I also told a BBC friend that KBC was due to announce the results. I just knew somehow that was to happen. Minutes later, the newsdesk called me back, and said KBC was live with results and that Kibaki had been declared the winner.
They were sending me a car to pick me. My colleague came by in under ten minutes, and at exactly 6pm, we left for a bar along Lenana Road to start drinking. I had not been a serious drinker at all, before then.
Just before we ordered food and Tusker, somebody switched from DSTV to Citizen Television on terrestrial. It was getting a bit dark by then. It was just in time for us to watch Kibaki taking oath of office at the State House lawn where I had been weeks earlier for a story. Several election losers were sitting by. Well, it did not matter anyway. I was holding a cold Tusker beer.
The ceremony did not last for more that a few minutes.
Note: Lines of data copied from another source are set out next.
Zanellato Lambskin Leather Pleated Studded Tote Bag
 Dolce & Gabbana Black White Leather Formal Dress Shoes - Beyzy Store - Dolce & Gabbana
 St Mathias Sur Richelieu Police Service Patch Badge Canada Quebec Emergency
And when I looked the other way, towards Yaya Centre, huge plume of black smoke was billowing. It was the start of violence in Kibera. Olympics was burning.
My phone continued ringing the whole evening. It was my colleagues telling me that there had been violence, and houses were burning. Kisumu, Nakuru, Eldoret, Kericho, Mombasa, Mathare. I switched off my phone. It was too sad.
Kenya then made a steep descend into deadly violence and destitution.
Too depressed that the nation I had so much loved had plummeted into bloodshed was too much to bear.
With over KES 20,000, we moved down the down to the now closed Red Sea Restaurant along Lenana Road. We stayed there for days, weeks with a colleague, drinking and watching Andrew Simmons of Al-Jazeera English saying that Kenya was burning.
I was too depressed to go back to work and I was due to be sacked. I think I was and later reinstated. I went to my house to change around 8th of January. I had been in the same new black jeans I had bought before Christmas, two days before elections, in company of a girl I had liked very much.
When I was on phone next was just after 4pm on 1 January, in time for a call from my BBC friend who phoned to tell me that a church had been burnt near Eldoret and some people may have been killed. My heart sunk.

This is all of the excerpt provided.